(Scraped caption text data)
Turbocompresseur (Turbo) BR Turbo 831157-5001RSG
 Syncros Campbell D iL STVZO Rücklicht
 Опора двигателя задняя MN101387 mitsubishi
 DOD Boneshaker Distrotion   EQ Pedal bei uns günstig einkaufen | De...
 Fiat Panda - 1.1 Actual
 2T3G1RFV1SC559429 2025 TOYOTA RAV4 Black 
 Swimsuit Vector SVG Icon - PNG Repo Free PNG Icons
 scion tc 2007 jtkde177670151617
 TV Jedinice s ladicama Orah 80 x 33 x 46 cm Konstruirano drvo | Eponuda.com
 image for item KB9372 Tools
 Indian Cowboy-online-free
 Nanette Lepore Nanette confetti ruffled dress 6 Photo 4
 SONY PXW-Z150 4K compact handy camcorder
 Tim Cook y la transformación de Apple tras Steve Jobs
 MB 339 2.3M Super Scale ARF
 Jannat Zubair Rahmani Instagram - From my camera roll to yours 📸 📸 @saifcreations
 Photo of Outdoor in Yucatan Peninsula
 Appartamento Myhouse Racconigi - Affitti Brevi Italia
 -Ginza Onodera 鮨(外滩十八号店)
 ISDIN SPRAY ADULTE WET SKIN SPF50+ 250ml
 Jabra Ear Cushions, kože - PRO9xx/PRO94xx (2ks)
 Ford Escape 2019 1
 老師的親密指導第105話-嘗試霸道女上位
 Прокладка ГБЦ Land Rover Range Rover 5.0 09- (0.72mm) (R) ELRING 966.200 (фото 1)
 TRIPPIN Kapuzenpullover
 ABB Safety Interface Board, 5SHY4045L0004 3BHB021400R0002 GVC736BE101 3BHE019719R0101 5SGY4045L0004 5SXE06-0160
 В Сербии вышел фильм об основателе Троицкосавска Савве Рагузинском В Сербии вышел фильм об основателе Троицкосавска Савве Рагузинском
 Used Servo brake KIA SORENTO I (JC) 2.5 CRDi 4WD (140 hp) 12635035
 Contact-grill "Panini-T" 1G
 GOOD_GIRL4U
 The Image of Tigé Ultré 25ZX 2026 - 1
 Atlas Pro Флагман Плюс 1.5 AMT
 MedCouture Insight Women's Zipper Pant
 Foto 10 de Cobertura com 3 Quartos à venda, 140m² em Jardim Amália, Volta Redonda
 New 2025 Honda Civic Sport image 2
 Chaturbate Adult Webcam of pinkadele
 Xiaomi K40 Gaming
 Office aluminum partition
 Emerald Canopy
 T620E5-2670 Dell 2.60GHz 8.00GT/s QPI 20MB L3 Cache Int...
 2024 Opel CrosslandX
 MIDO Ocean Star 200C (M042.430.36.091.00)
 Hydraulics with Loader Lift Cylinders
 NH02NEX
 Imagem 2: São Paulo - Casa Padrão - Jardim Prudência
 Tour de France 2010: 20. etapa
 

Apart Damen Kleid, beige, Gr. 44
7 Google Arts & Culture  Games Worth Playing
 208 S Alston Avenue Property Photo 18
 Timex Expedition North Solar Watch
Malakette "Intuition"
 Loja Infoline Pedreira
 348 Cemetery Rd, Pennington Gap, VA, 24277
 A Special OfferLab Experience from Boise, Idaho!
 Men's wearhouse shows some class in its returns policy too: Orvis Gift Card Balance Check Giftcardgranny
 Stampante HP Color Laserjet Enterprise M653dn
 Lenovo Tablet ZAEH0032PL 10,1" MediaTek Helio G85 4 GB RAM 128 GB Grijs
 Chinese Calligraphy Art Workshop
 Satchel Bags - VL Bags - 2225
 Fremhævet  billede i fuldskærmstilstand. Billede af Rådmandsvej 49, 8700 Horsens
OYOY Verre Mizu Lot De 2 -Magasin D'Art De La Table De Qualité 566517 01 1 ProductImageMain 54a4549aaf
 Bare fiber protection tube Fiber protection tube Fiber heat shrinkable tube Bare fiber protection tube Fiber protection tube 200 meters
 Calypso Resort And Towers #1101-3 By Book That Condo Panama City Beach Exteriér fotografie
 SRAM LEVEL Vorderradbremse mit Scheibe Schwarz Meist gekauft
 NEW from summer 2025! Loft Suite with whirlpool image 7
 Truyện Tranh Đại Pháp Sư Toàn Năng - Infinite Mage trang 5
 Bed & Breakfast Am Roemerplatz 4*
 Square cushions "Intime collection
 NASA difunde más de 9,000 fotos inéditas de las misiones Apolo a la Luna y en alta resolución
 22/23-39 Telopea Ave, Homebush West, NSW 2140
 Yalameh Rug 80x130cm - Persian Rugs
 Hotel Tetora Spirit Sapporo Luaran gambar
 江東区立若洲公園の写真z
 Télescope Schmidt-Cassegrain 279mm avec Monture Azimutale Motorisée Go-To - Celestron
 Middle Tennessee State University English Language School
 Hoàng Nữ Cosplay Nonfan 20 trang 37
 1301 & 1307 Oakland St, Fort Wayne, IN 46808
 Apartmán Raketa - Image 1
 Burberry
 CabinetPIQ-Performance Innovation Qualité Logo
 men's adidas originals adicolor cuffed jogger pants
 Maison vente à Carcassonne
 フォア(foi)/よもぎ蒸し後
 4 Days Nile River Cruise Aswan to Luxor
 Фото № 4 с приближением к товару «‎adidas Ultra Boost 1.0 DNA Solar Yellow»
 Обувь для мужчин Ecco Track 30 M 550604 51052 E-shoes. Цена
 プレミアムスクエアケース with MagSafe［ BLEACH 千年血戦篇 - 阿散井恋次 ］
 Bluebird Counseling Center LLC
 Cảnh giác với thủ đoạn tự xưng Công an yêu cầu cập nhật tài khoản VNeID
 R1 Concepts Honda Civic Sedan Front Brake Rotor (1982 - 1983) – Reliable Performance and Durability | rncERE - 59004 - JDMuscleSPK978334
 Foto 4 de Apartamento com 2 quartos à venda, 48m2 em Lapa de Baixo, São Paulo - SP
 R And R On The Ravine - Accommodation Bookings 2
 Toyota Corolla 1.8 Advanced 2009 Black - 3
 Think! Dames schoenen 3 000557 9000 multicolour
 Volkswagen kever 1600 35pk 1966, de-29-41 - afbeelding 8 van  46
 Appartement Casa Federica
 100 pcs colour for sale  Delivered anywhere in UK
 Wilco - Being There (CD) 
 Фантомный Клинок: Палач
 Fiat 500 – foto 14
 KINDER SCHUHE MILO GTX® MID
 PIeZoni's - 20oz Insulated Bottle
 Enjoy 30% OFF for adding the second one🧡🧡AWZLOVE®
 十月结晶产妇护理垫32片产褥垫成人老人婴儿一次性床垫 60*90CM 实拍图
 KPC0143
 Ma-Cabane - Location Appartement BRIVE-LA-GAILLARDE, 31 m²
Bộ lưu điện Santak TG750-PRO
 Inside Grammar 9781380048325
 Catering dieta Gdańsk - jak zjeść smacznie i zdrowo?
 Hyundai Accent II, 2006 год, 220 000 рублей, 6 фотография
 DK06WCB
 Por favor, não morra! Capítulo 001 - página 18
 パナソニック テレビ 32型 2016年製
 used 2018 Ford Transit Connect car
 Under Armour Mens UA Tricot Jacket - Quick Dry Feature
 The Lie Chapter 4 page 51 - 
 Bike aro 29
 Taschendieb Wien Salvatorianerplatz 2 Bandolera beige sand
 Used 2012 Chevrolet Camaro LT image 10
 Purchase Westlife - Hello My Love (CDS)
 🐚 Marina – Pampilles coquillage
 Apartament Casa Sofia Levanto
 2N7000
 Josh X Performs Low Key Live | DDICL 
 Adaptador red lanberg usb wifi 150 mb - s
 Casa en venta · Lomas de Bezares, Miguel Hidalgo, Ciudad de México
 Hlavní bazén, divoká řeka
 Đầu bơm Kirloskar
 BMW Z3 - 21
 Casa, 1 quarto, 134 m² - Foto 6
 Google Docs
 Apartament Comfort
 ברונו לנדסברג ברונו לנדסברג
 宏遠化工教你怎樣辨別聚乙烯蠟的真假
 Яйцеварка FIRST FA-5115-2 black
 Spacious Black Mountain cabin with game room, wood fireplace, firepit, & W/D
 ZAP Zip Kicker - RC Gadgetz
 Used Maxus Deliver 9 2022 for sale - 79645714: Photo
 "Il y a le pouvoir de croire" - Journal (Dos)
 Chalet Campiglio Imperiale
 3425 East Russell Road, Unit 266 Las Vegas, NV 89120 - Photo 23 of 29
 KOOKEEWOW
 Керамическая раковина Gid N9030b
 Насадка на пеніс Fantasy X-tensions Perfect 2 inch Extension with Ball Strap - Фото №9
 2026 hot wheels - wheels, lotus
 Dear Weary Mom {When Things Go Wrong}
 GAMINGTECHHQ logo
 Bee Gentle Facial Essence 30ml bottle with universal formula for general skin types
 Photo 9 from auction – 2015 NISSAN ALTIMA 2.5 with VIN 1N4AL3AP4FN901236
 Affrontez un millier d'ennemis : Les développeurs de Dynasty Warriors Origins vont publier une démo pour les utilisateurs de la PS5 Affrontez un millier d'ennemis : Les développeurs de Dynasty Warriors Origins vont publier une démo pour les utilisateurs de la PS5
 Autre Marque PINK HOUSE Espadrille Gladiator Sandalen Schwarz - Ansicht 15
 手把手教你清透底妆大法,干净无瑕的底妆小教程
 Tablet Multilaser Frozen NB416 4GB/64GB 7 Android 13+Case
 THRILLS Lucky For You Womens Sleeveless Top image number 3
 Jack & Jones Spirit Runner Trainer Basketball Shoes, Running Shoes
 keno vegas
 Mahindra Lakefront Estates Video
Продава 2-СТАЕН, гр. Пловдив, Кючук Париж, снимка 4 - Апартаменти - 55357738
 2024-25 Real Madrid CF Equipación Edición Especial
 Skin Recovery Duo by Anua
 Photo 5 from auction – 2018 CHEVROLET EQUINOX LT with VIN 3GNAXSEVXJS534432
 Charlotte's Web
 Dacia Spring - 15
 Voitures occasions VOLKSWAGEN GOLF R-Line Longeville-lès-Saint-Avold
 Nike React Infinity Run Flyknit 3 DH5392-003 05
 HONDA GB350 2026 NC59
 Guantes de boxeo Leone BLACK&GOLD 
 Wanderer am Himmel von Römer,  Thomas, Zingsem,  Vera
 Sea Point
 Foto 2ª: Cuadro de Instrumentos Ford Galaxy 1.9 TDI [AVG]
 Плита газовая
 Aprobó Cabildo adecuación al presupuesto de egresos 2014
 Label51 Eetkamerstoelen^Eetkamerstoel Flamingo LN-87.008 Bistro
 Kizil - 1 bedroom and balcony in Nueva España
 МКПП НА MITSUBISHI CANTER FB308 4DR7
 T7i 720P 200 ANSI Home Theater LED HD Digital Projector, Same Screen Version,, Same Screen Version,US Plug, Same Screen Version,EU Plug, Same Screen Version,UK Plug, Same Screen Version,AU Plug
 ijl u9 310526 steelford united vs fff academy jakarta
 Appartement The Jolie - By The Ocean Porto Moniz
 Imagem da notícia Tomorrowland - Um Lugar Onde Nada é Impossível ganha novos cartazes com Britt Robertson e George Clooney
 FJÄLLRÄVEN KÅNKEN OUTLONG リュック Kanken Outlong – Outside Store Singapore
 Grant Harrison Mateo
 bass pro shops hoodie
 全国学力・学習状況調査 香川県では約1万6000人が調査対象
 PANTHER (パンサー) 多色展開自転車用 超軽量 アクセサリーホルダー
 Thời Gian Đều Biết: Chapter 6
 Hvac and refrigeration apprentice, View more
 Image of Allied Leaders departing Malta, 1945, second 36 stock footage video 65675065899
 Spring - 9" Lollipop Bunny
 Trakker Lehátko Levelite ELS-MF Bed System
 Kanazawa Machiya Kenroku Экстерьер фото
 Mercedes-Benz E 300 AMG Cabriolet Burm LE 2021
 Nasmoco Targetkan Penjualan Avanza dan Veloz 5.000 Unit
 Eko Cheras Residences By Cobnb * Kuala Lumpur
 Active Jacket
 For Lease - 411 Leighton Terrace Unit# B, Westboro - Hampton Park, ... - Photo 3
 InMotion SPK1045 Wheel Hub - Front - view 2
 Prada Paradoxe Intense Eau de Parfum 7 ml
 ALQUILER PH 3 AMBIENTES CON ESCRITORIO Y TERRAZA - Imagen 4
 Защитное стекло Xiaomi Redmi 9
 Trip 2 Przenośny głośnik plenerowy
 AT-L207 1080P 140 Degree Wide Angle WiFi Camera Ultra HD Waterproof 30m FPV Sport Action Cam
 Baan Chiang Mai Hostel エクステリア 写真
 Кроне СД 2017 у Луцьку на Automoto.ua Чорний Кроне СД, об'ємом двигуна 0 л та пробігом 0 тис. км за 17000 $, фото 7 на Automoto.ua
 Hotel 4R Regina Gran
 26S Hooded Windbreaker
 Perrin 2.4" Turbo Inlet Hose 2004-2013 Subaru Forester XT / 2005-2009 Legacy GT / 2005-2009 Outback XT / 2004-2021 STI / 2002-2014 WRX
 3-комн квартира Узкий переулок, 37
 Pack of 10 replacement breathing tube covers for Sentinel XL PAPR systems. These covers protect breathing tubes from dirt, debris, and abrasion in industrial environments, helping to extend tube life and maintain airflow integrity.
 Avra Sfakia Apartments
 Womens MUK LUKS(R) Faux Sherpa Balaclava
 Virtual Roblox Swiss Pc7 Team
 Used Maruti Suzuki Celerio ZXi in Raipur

▶ Required work:
Set down the lines of the records exactly, from the first one through the line containing "2T3G1RFV1SC559429 2025 TOYOTA RAV4 Black", and add nothing else.

▶ Solution to this exercise:
Turbocompresseur (Turbo) BR Turbo 831157-5001RSG
 Syncros Campbell D iL STVZO Rücklicht
 Опора двигателя задняя MN101387 mitsubishi
 DOD Boneshaker Distrotion   EQ Pedal bei uns günstig einkaufen | De...
 Fiat Panda - 1.1 Actual
 2T3G1RFV1SC559429 2025 TOYOTA RAV4 Black 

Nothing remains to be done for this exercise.